_What to do_. Quote the records below word for word, please, from the very first line through the one that contains "Children's Little Leather", and nothing beyond it.

Records from a data source:
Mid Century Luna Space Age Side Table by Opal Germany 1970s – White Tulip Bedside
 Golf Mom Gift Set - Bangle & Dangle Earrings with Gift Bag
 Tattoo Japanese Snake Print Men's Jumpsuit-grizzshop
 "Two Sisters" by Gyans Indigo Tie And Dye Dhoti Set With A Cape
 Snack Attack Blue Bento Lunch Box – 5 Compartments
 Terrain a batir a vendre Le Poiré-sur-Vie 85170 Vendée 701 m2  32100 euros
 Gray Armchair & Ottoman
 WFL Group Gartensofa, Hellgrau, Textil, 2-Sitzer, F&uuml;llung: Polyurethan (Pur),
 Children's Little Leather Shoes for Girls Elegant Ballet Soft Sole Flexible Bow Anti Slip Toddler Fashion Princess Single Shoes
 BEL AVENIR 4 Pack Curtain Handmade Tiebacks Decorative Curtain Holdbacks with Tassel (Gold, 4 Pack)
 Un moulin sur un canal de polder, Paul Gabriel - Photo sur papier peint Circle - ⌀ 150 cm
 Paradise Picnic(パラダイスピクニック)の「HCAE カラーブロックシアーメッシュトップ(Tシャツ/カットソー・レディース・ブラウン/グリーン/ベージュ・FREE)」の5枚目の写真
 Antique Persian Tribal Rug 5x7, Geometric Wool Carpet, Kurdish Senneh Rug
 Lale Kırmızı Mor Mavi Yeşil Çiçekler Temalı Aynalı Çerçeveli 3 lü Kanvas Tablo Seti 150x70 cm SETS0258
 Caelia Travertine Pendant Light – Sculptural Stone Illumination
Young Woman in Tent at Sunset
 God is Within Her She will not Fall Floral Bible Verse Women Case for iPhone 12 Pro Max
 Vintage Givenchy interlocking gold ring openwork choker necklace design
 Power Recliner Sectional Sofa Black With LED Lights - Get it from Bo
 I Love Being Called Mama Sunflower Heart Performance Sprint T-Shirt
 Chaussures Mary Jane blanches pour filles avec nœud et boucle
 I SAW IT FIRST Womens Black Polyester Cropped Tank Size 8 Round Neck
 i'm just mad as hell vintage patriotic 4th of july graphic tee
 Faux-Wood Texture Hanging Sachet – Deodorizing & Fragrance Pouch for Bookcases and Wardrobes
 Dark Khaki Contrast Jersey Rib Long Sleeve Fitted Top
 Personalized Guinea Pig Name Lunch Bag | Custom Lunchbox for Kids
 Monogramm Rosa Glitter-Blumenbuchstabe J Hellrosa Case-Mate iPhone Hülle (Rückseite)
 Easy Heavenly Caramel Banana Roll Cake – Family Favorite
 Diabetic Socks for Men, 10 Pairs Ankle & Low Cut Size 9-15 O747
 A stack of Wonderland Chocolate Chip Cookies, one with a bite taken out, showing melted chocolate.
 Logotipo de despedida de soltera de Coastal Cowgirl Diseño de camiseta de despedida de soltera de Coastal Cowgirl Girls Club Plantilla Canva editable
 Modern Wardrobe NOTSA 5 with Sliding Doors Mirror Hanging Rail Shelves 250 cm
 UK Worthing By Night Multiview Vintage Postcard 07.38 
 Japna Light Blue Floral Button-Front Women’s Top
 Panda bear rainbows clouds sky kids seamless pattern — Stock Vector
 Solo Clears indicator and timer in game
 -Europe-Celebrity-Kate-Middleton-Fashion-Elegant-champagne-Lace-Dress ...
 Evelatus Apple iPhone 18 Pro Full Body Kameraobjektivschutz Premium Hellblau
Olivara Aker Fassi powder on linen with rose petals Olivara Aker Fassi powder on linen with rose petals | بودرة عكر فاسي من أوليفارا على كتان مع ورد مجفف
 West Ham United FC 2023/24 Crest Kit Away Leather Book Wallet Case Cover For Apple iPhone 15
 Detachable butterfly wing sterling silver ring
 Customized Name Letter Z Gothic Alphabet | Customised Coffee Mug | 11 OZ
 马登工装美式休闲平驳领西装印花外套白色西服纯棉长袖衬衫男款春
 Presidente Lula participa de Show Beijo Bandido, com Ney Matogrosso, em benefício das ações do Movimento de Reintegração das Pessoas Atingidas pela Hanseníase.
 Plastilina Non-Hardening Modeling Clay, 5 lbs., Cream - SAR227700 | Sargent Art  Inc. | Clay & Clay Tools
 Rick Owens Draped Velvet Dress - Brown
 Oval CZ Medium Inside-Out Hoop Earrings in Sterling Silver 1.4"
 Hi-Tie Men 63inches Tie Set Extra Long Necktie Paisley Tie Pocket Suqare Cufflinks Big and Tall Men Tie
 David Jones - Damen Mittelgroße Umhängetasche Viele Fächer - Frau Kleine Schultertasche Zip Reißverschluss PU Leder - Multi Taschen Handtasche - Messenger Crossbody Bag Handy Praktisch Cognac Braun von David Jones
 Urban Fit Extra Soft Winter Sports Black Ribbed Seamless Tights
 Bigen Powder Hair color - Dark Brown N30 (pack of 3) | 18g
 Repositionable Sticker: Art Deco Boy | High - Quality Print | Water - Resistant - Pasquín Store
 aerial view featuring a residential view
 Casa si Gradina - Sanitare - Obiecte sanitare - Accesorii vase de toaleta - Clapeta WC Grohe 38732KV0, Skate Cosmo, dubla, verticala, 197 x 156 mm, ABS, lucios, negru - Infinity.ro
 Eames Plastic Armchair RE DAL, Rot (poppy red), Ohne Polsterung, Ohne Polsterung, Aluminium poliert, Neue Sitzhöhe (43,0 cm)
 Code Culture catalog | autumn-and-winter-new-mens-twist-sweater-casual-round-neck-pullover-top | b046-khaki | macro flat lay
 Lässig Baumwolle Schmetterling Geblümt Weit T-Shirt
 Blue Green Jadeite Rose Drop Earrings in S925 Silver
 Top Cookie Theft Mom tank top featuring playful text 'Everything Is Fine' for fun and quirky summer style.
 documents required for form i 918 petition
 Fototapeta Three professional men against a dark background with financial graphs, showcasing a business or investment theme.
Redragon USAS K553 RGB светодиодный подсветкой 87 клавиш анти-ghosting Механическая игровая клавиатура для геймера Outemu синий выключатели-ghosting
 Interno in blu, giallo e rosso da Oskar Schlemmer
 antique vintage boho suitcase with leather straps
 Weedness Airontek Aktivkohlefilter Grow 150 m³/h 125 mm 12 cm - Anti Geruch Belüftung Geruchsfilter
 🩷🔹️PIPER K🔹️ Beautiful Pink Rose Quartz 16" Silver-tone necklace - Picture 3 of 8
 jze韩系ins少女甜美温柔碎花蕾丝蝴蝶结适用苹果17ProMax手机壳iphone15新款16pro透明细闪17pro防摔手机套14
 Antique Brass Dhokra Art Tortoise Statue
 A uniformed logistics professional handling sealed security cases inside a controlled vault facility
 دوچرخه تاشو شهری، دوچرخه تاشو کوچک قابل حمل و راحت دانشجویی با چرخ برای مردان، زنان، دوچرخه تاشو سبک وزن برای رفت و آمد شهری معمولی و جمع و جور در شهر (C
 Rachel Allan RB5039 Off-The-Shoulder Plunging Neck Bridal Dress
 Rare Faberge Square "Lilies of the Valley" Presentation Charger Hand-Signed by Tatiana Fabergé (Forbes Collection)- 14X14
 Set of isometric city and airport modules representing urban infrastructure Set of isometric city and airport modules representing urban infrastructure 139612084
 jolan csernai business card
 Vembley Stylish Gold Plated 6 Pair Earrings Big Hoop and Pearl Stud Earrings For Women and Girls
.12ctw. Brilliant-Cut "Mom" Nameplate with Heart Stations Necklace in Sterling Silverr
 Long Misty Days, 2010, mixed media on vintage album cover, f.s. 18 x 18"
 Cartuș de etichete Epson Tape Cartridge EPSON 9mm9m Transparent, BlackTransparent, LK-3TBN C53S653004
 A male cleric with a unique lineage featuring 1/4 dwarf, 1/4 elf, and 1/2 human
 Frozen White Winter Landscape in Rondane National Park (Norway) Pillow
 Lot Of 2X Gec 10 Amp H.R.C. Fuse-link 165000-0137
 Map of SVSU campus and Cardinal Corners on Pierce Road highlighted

_Response for this exercise_.
Mid Century Luna Space Age Side Table by Opal Germany 1970s – White Tulip Bedside
 Golf Mom Gift Set - Bangle & Dangle Earrings with Gift Bag
 Tattoo Japanese Snake Print Men's Jumpsuit-grizzshop
 "Two Sisters" by Gyans Indigo Tie And Dye Dhoti Set With A Cape
 Snack Attack Blue Bento Lunch Box – 5 Compartments
 Terrain a batir a vendre Le Poiré-sur-Vie 85170 Vendée 701 m2  32100 euros
 Gray Armchair & Ottoman
 WFL Group Gartensofa, Hellgrau, Textil, 2-Sitzer, F&uuml;llung: Polyurethan (Pur),
 Children's Little Leather Shoes for Girls Elegant Ballet Soft Sole Flexible Bow Anti Slip Toddler Fashion Princess Single Shoes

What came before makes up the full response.